Do consumers shy away from ingredients that are unfamiliar or have chemical-sounding names? And do they gravitate towards foods with certain ingredients, while avoiding others? A recent IFIC survey of 1,000 Americans explores the public sentiment around ingredients in foods and beverages, why people shop where they do, and what drives purchases when it comes to certain foods.
- Six in ten Americans say they usually consider ingredients when choosing foods to buy.
- Consumers choose where they shop based largely on the quality of foods offered and the price of foods sold. A variety of foods is also a top purchase-driver, while ingredients are less important.

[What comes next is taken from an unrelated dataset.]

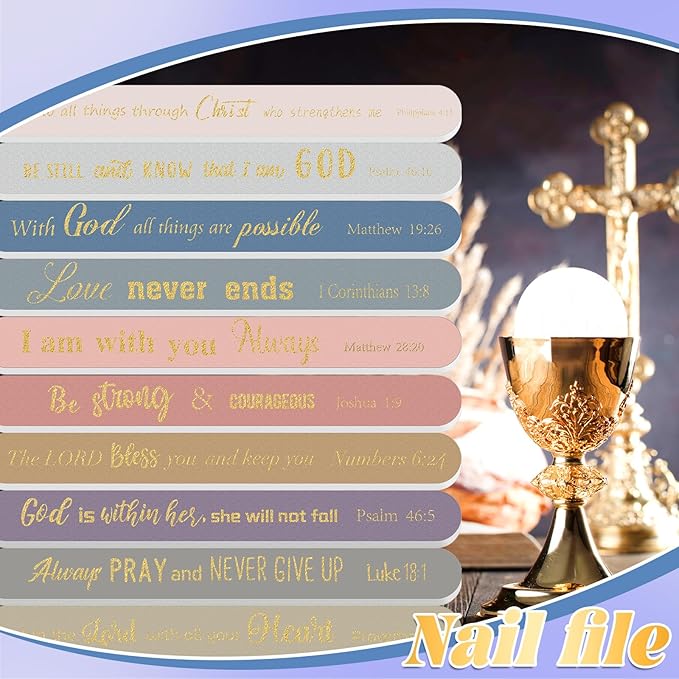 50 Pack Christian Gifts for Women Scripture Mini Nail Files Christian Party Favors Bible Verse Emery Boards Religious Small Gifts for Teacher Mother Employee Staff Coworkers Office Supplies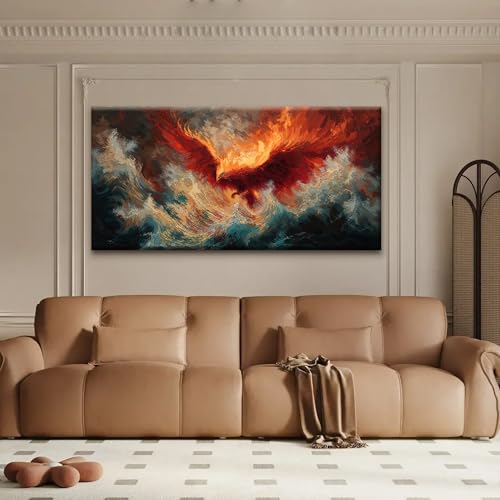 Abstract Wall Art Decor Red Retro Fire Phoenix Art Prints Abstract Artwork Decor Modern Wall Art For Living Room Bedroom Kitchen Office Canvas Prints 24x48 Inch - color: Red, size: 48"L x 24"W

- When deciding which foods to purchase, people tend to choose those they consider to be good for them; this consideration outweighs choosing “familiar ingredients.”

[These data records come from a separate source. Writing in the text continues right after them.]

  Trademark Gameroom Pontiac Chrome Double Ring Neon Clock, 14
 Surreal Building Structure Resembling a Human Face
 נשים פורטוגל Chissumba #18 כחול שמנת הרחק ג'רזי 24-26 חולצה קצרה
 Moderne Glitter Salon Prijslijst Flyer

- Health and safety are the top reasons people avoid certain ingredients.
- For those who believe some ingredients are unsafe to eat, more than four in ten believe those ingredients will have long-term impacts on their physical health.
- Nearly three in ten assume an unknown, chemical-sounding ingredient is not safe to consume.

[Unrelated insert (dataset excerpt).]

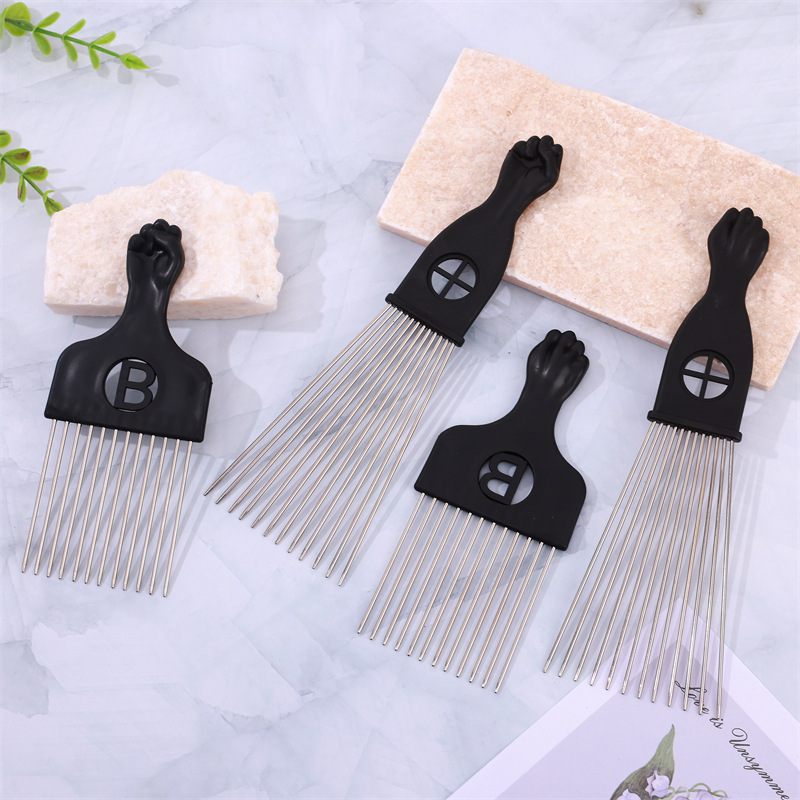 Suministro del fabricante de herramientas de peluquería: peine de acero con aguja para peluquerías, peine de peluquería, peine para peinado pompadour, peine de cola puntiaguda para peinados con la parte trasera alisada.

- When it comes to foods containing naturally occurring compounds that may pose dangers (e.g., arsenic, lead, cadmium, and mercury), consumers are most concerned about seafood—with baby food a close second.
One thousand interviews were conducted among adults ages 18+ from May 4th through May 9th, 2023, and were weighted to ensure proportional results. Totals may not equal 100% due to rounding. The Bayesian confidence level for 1,000 interviews is 3.5, which is roughly equivalent to a margin of error of ±3.1 at the 95% confidence level.